TASK BRIEF: Please print nothing but the lines from the one containing "Camiseta Fred Perry" to the final line below, exactly, and no pictures.

DATA BELOW:
- - - - - - -
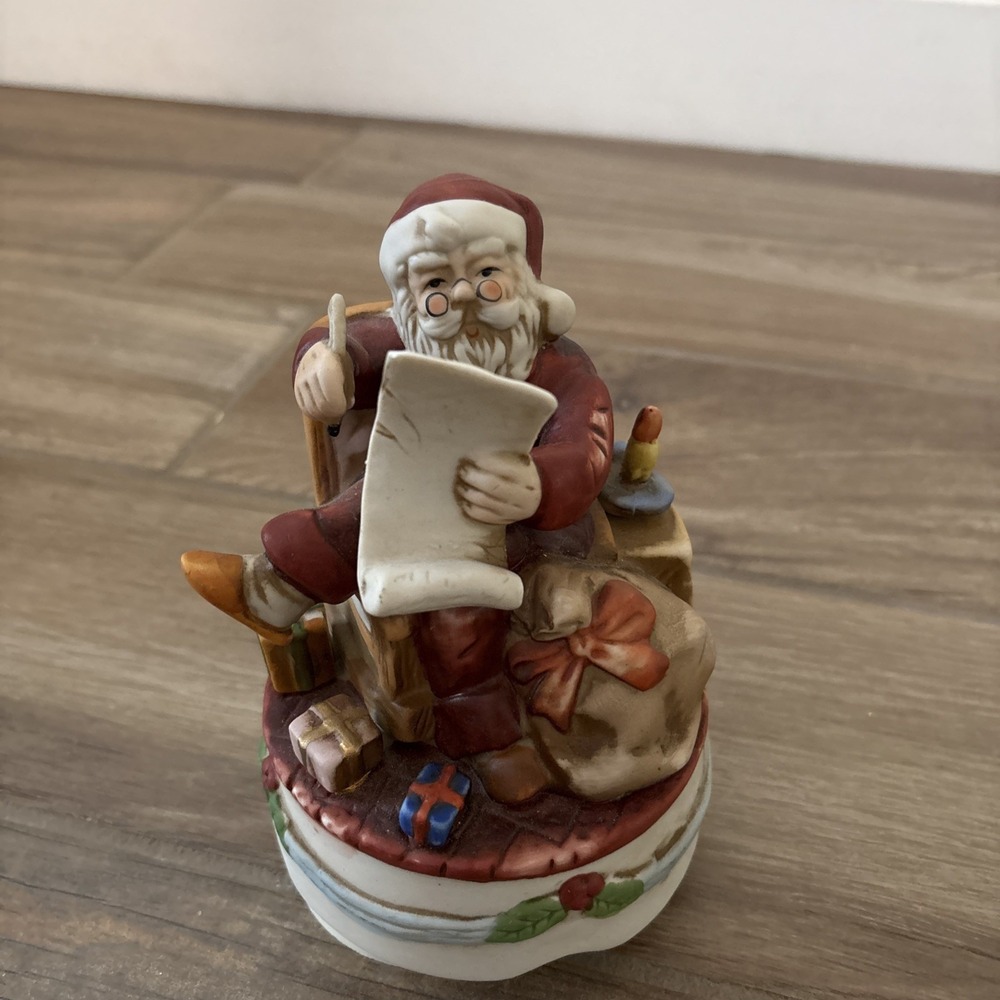 Vintage Santa Claus Christmas Music Box Porcelain Hand Painted Rotates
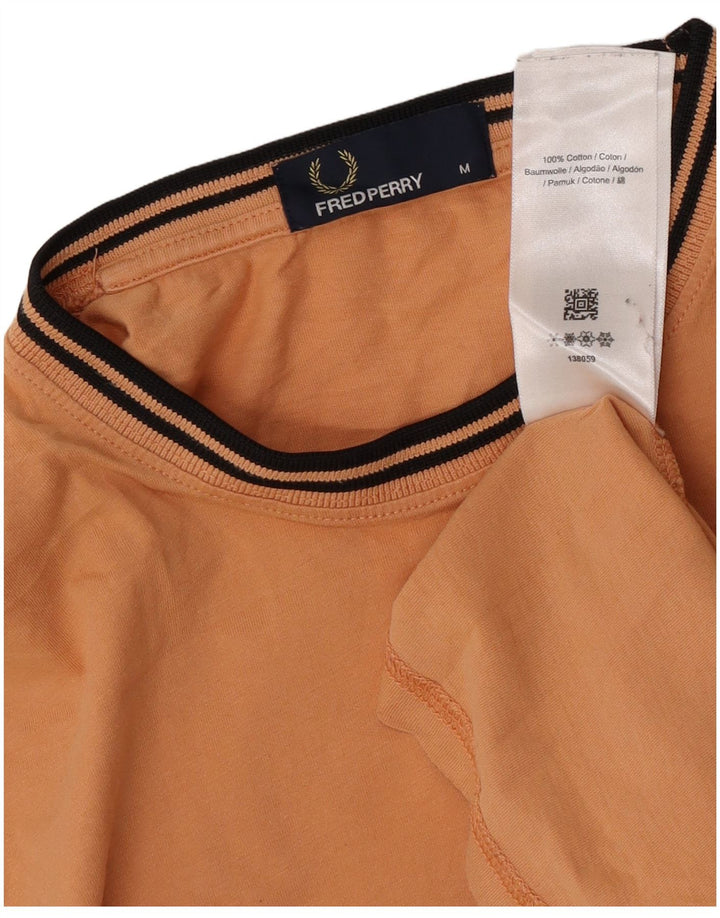 Camiseta Fred Perry Hombre Top Algodón Rayas Naranja Medio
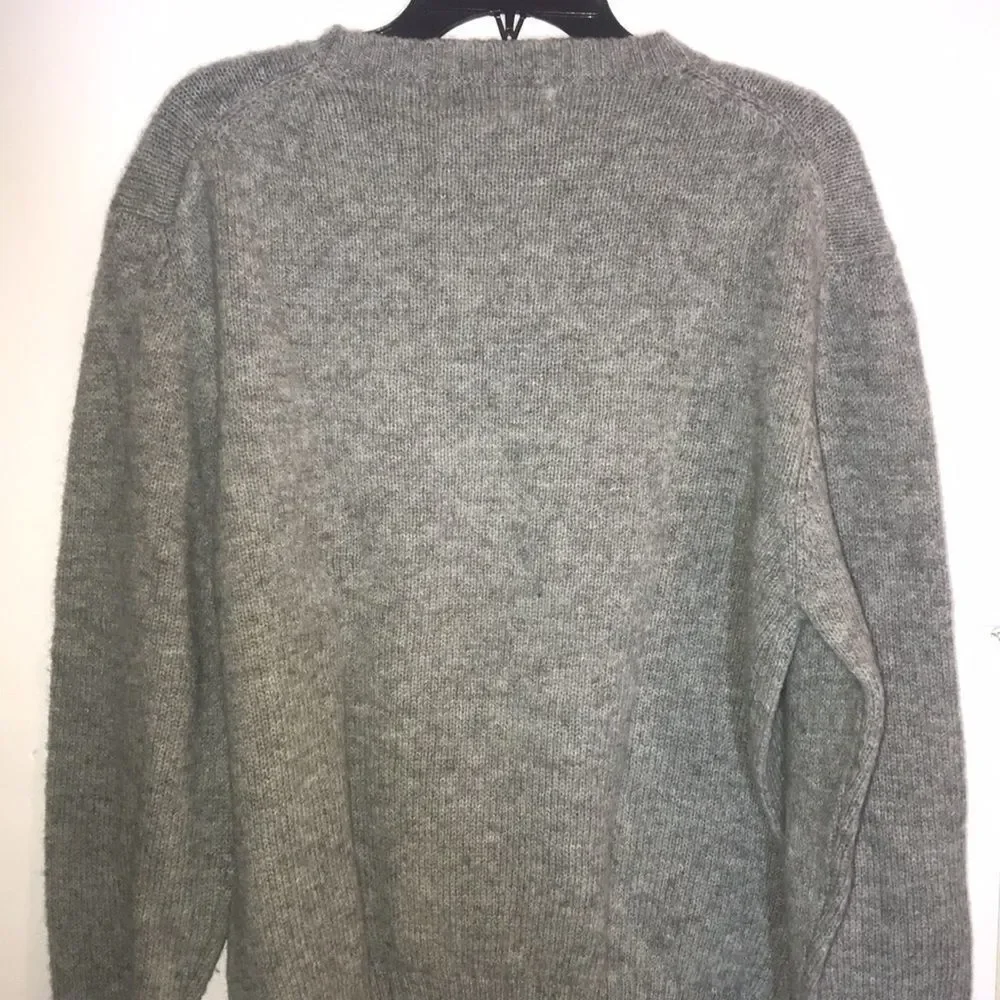 John Ashford Men's Knitted Pure Wool Geometric Print Long Sleeve Gray Sweater Si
- - - - - - -
ANSWER TO THIS TASK:
 Camiseta Fred Perry Hombre Top Algodón Rayas Naranja Medio
 John Ashford Men's Knitted Pure Wool Geometric Print Long Sleeve Gray Sweater Si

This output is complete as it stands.